Some nominal data can be ordinal but this depends entirely upon the measurement scale. The occupation exception above could be ordinal if the question was something like, "How senior are you?" and the measurements were "junior", "mid-level" and "senior". These have an order to them in which one is regarded as the highest, another the lowest and the third in-between.

Ordinal data are (generally) qualitative. Nunally argued that Likert scales with more than 11 points can be considered interval.

Interval data

These data are the classic quantitive data. Things like "reaction time in milliseconds", "amount of alcohol units consumed", "age in years", "number of errors during task" or "income in dollars".

Watch out for...

Sometimes, nominal data are subsumed into bands: for example, asking someone about their income might be done with 3 bands: "below \$25,000", "between \$25,001 and \$80,000" and "above \$80,000". The measurement is ordinal.

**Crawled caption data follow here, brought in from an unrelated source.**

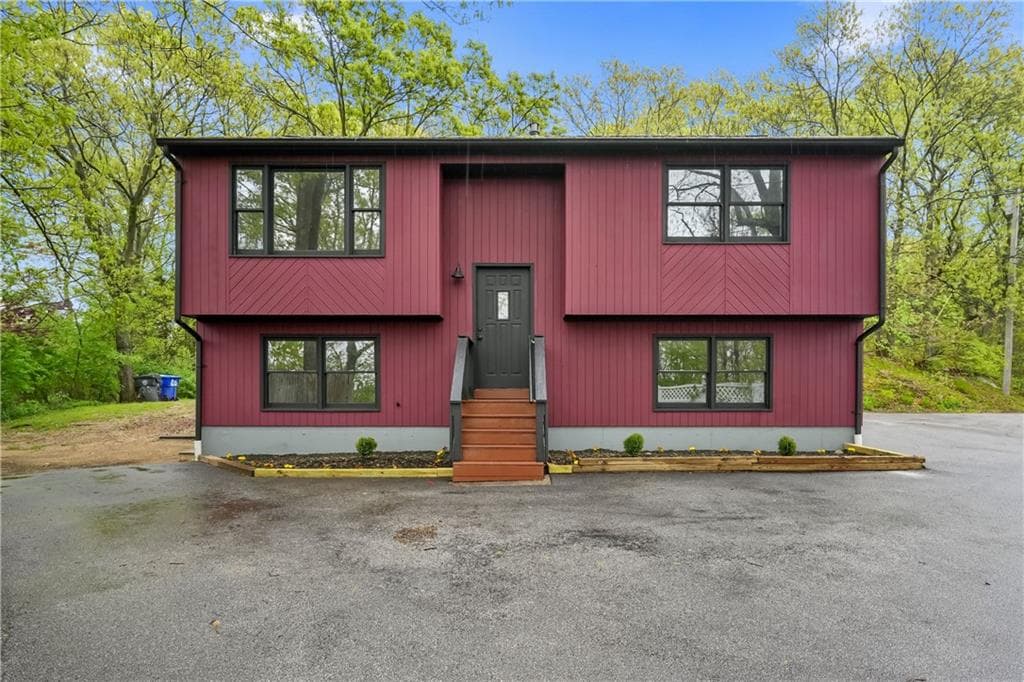 120 East Greenwich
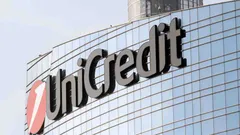 Nuovo massimo per UniCredit (+3%), dopo le trimestrali e la risposta ai timori su acquisizione Commerzbank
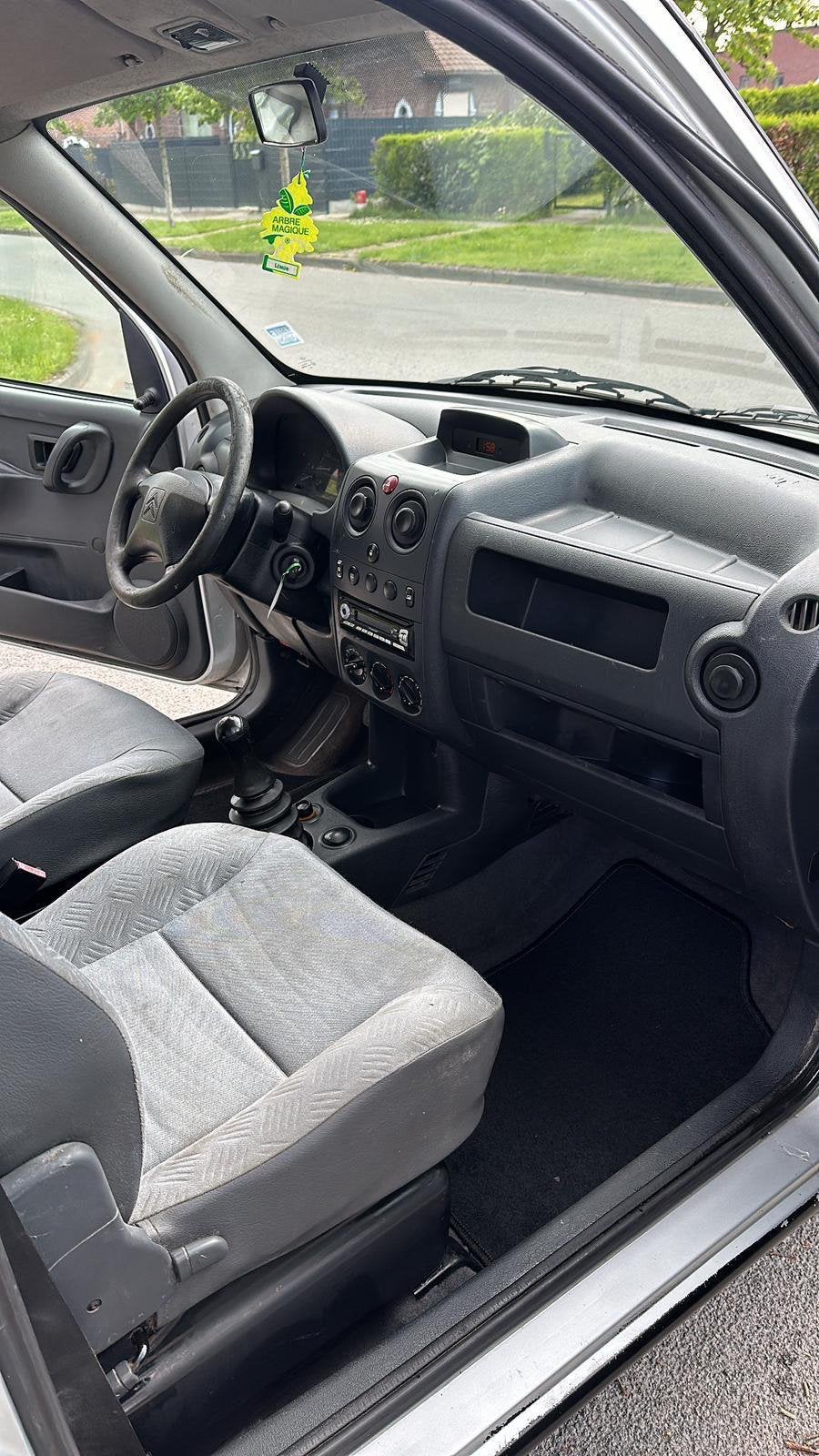 Citroen berlingo 2l hdi, Auto's, Citroën, Particulier, Berlingo, Diesel, Handgeschakeld, Zilver of Grijs, Stof, Voorwielaandrijving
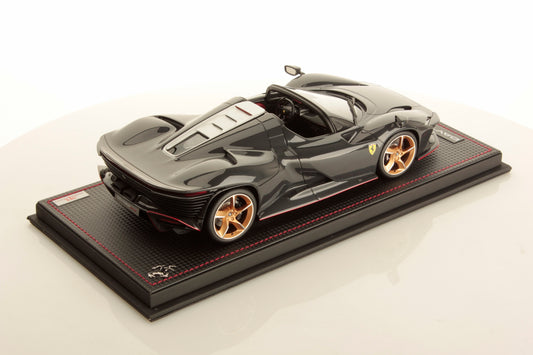 Ferrari Daytona SP3 Carbon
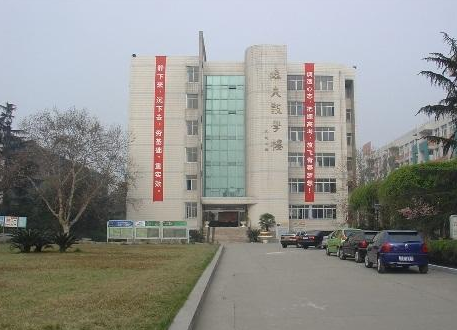 四川師范大學(xué)附屬中學(xué)師資力量怎么樣？
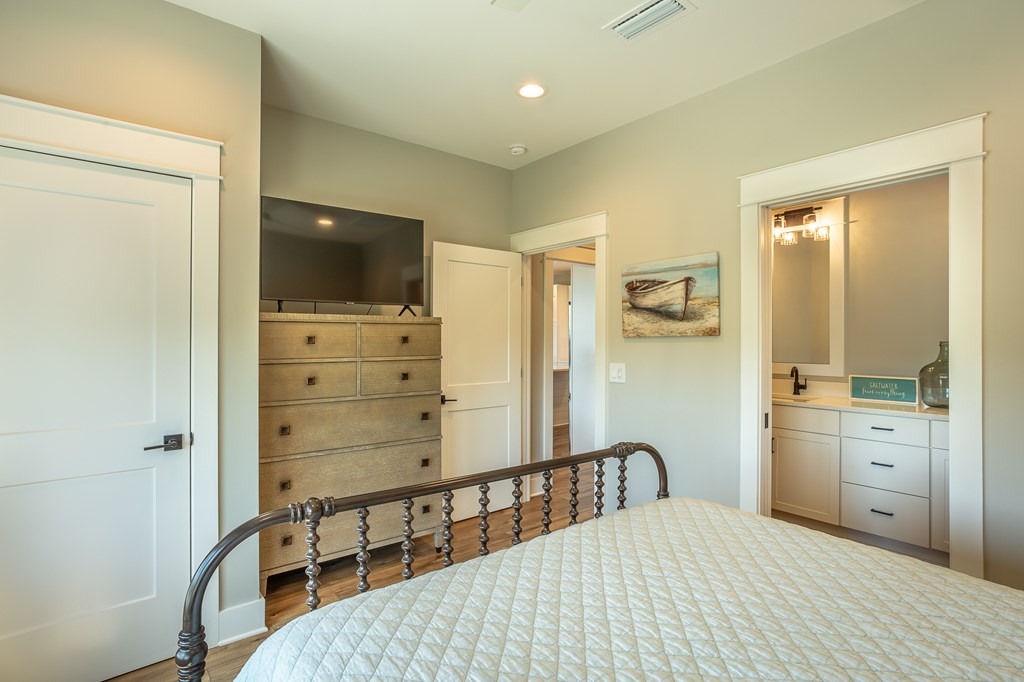 St. George Island, Florida, 32328, United States, 3 Bedrooms Bedrooms, ,3 BathroomsBathrooms,Residential,Active,1964674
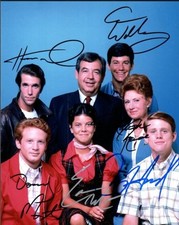 Happy Days Autographed Original 8x10 Photo LOA TTM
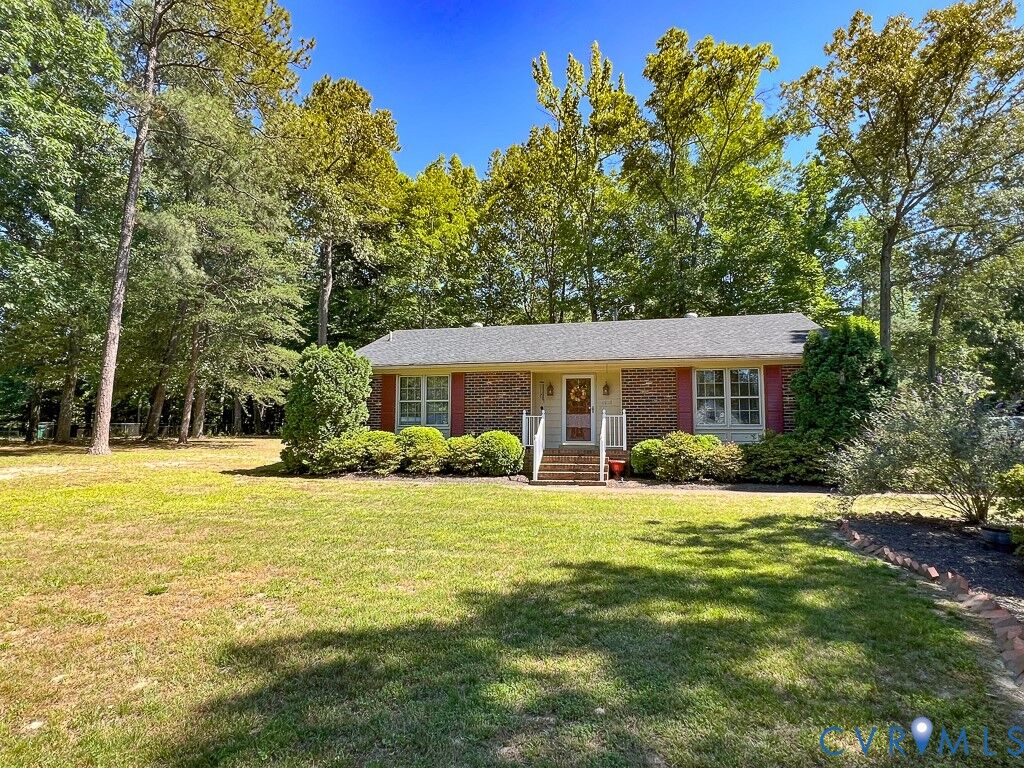 Property Photo:  4801 Stockholm Drive  VA 23150 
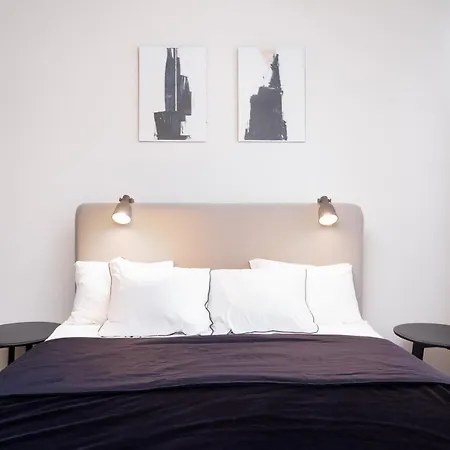Spacious In Smichov By Days Appartement *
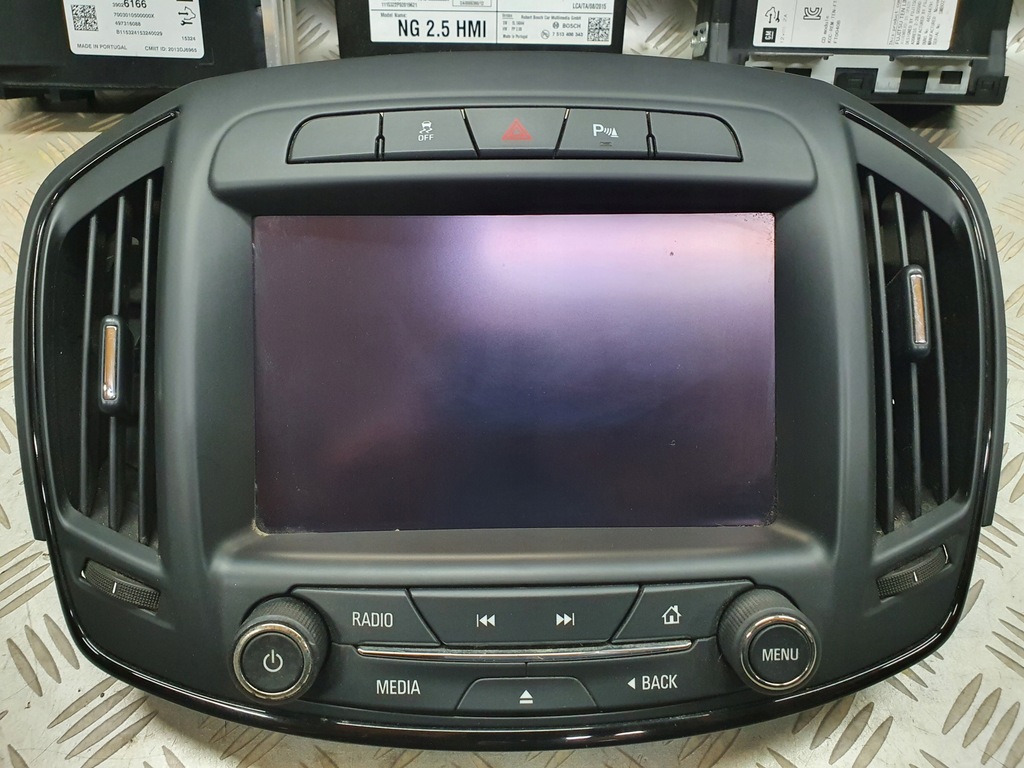 RADIO HMI 2.5 NAVIGATION INSIGNIA A LIFT CAR PLAY Product image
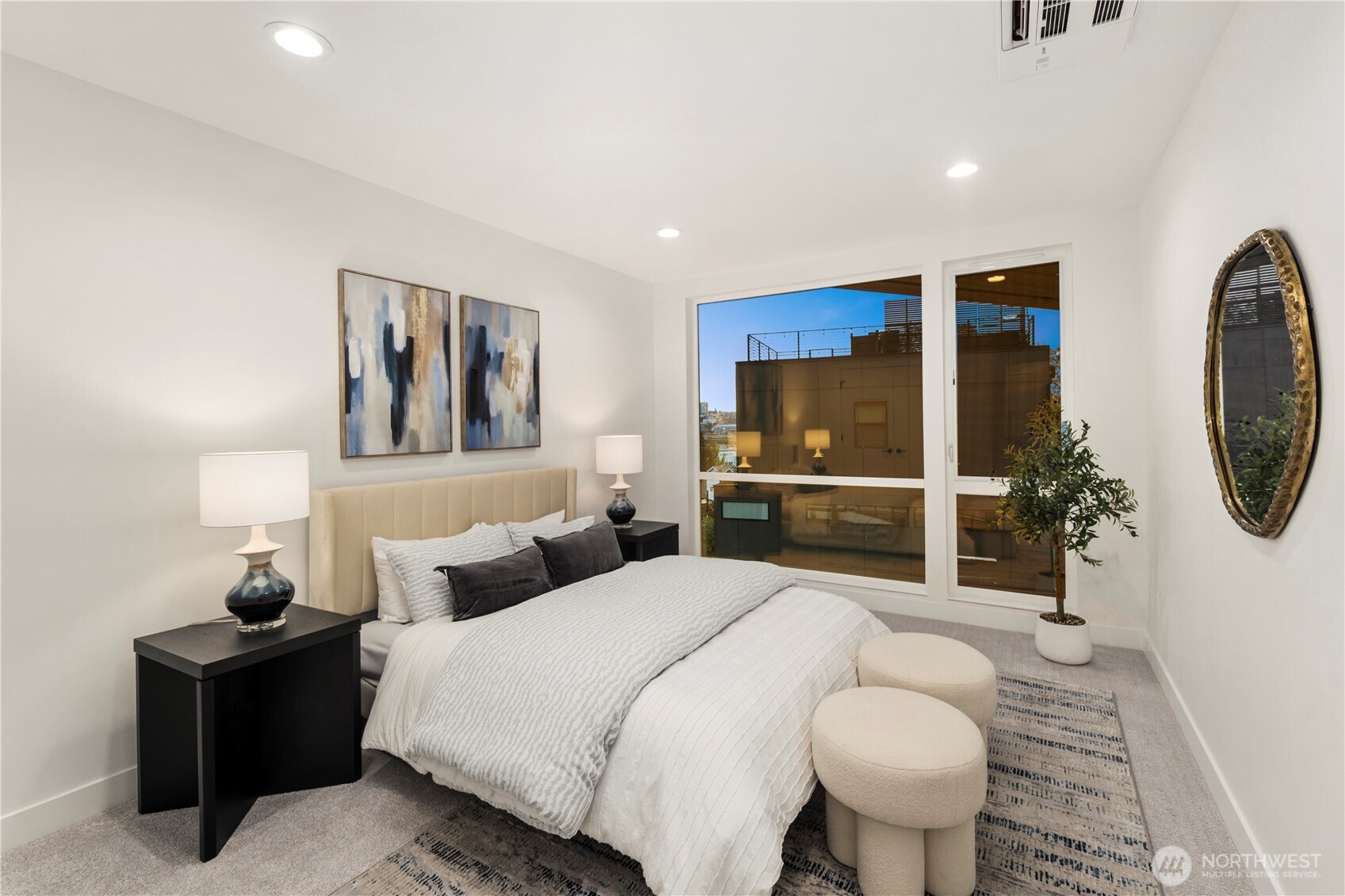 2410 Everett Avenue E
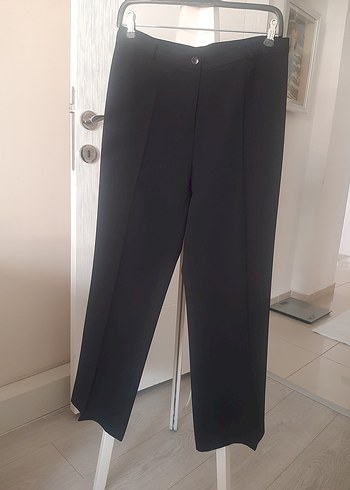 Siyah Pilili Kadın Kumaş Pantolon - Görsel 2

It is possible to change the type of data. An example is summarising interval data categories: so reaction time might instead be recorded as "fast" / "medium" / "slow" (ordinal) or "pass" / "fail" (nominal). This often affects what is referred to as the "granularity" of the data: interval are seen as fine-grained data, ordinal less so and nominal the lowest-grained.

But aren't some of these measures quantitive? For example, if I measure the gender of a sample and find 24 females and 24 males, these are quantitive?

No, the summary is just that: a summary. The underlying data are measured with 2 categories. Everything can be summarised by frequency but that doesn't make the data quantitive. The underlying data are qualitative.

Next, I will talk about how to deal with these data.